FishandChips (695645) | more than 8 years ago | (#13692864)

"According to 'The Google Legacy,' history is about to repeat itself."

History never repeats itself. I guess this guy is a little optimistic if he thinks folks will pay 180 dollars for a cliche that isn't true in the first place. Ebay is the place to sell cliches, I guess.

"When you have a problem with Windows, always reformat and reinstall" - what am I bid, $150, $180, $200??!
"Linux is the wave of the future" - opening at $8, no $10 to the gentleman on my right with the beard and sandals
"No one ever got fired for buying IBM" - we have telephone bids for $500

Besides, it's a bit premature to talk about the "legacy" of an outfit that's till in its infancy. Microsoft has $50 billion in cash, annual profits of around $12 billion and a vast monopoly. They aren't just going to roll over, stick their legs in the air and die.

The author doesn't understand google (1)

MECC (8478) | more than 8 years ago | (#13692878)


First of all, microsoft is threatened by everybody because microsoft tries to be into everything.

So, saying ms is threatened by google ( or anything/anyone else) is a no-brainer. This, by the way, pretty much describes the so-called author.

"In Arnold's analysis, he said some filings in the patent portfolio point to an accelerated use of high-speed fiber and wireless that could be used to deliver Google technology."

This isn't about how ms doesn't understand google. It about how Stephen E. Arnold doesn't understand the internet. It sounds as though he thinks google is going to try to build its own version of the internet, just for its own traffic. Next, they'll have special 'google' stations that only go to google, placed in coffee houses everywhere Then, you can buy one from google along with goole networking connections into your home with their ubquitous googled worldwide high-speed banana-peel-driven fiber network. Or, just use the worldwide google wireless network (that prioritizes google traffic over microsoft searches). All other wireless networks would of course just fall my the wayside.

It looks more like this Arnold character doesn't understand the idea of a feasible business model.

If this guy can get a book published, I should be able to get my used toilet paper published, no problem. Who's his publisher?

--
So many clueless people, so little time...

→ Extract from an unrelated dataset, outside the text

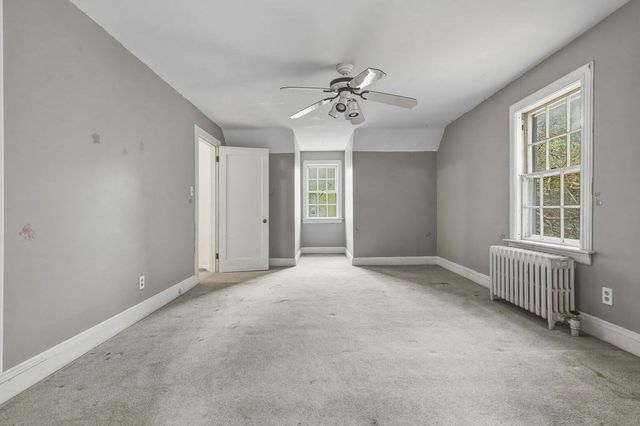 1248 Pleasant St, Brockton, MA 02301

Maybe it is just me... (1)

Pecisk (688001) | more than 8 years ago | (#13692879)

...but I find all that kind of sensacional articles, thoughts, opinions like "the $a is killer of $b", "$c in future will beat shit out of $d, for sure!" useless and trash. At least for me, it DOESN'T matter who will win and how - as long as choice is left to me, not to some kind of majority.

Yeah, yeah, I know, everyone will claim now that it is important will Microsoft stay in future as powerful as it is now, will Google rulle search for at least five, years... Hmmm, I haven't seen anything they have to offer to me. Apple/PC hardware, Linux/BSD interesting project news, things which actually works - that matters.

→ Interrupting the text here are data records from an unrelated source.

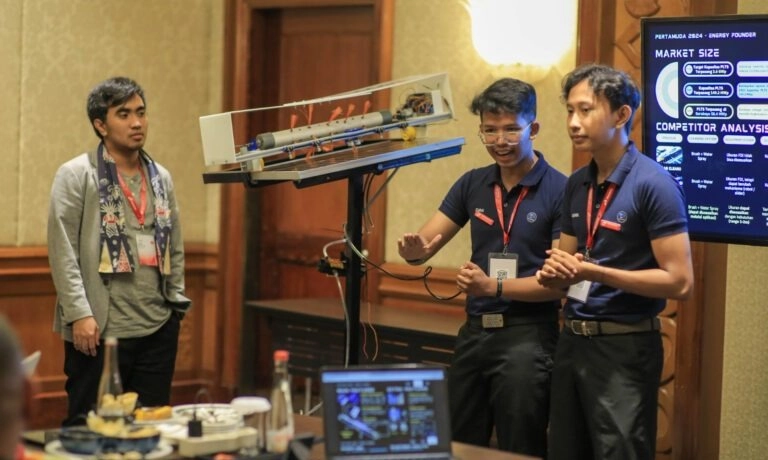 <p>Photovoltaic (PV)-Cloost, Alat Otomatis Pembersih Panel Surya</p>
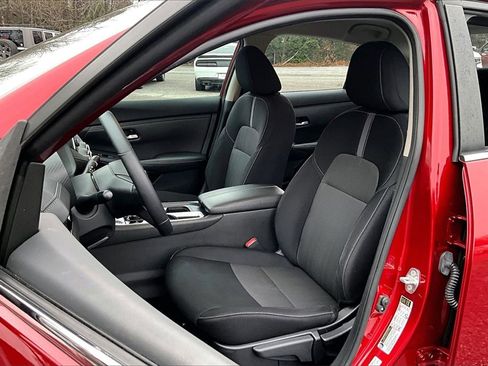 Used 2021 Nissan Sentra SV image 19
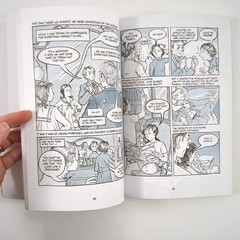 Fun Home Family Tragicomic Graphic Memoir Paperback Book Alison Bechdel 2006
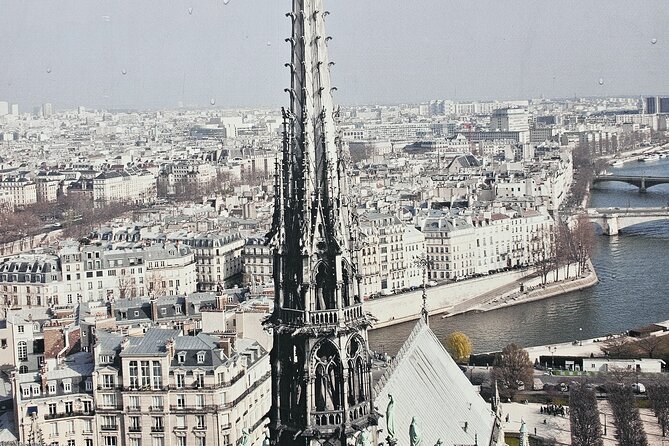 Notre Dame Paris Outdoor Tour with Crypt Entry - Weather and Comfort: Plan Like It’s Part of the Itinerary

It seems to me that Slashdot turned into some kind of investiment newsletter - "see, it's mee, it's mee, you should invest in me, I will beat Microsoft, well, after ten years maybe, okei, it is too late, but look at the screenshots!"

Even those stories about Xbox hacking, watercooling, etc. is much more interesting that such drivel.
I would like to see more stories about real difficulties and solutions for open source music recording, desktop publishing, mixed systems (OS X, Windows, Linux, BSD in one network), etc. It is stuff WHAT matters.

I just don't get it - does it is very important now? Microsoft will stay and Google will stay too. Maybe we should find a way to live along?

Maybe slashdot should think about some kind of integrity? Editors, please?

(Something insightful goes here) (5, Informative)

SuperDuG (134989) | more than 8 years ago | (#13692885)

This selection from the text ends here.